The
set of
prime numbers is certainly not a
regular language.
Unfortunately this has not been proven yet and will probably never be because of the
countless ways existing to represent a
number.
There is indeed a great difference between the concept of number and the
characters used
to represent them (22
decimal = 16
hexadecimal = 10110
binary = twenty two = vingt-deux = ...).
Not to mention that they can be represented as a
product of
primes, which makes
primality testing very very easy, except that writing them in that form isn't that easy.
Using finite state machines to deal with prime numbers sounds interesting.

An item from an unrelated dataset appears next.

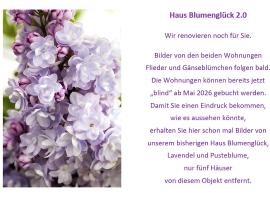 Haus Blumenglück 2, hotell i Herscheid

Determining the acceptance of a string by a deterministic finite automaton (DFA) is a really
fast process.
Besides that, this process has the great property that it can be inverted :
every path linking an entry point to an exit point of the state machine gives an accepted string,
thus the same state machine could be used for prime number generation and primality testing,
with the great advantage that the process is in O(n) for both ways.
There aren't many papers out there which explain what doesn't work. Yet, understanding
why things are intrinsically impossible is as important as understanding why others work.

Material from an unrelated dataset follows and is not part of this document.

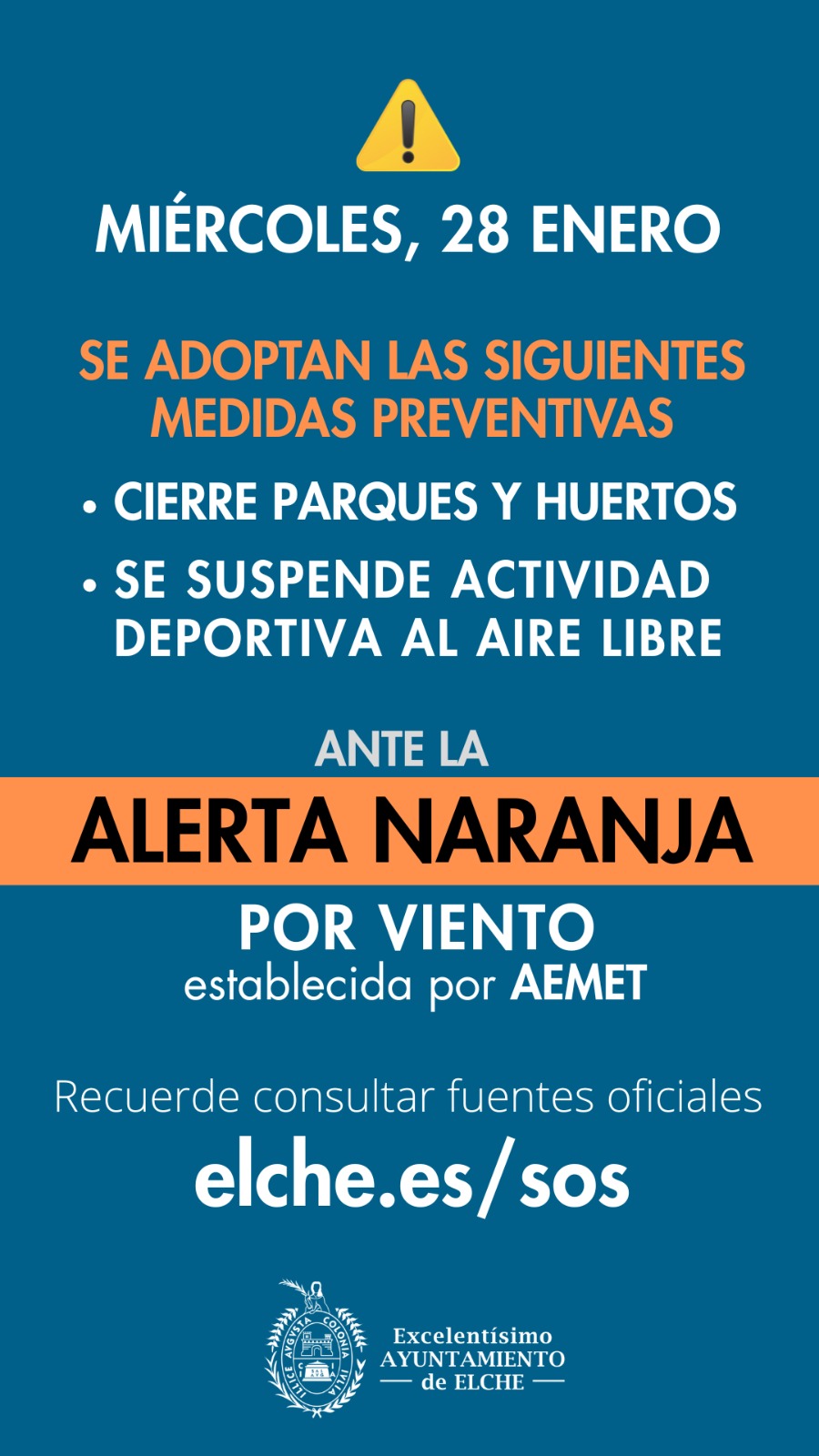alerta naranja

As you'll see, finding out why finite state machines are inefficient to deal with prime
numbers points out interesting results on the set of prime numbers and deterministic finite
automata.
Prime numbers and base 1
A prime number p written in base 1 consists of p times the digit 1, and therefore its length
is the prime number p. But unfortunately this language, as shown in "1^p" p prime language
is not a regular language. The proof points out that a state machine with an infinite number
of states is required to match this language.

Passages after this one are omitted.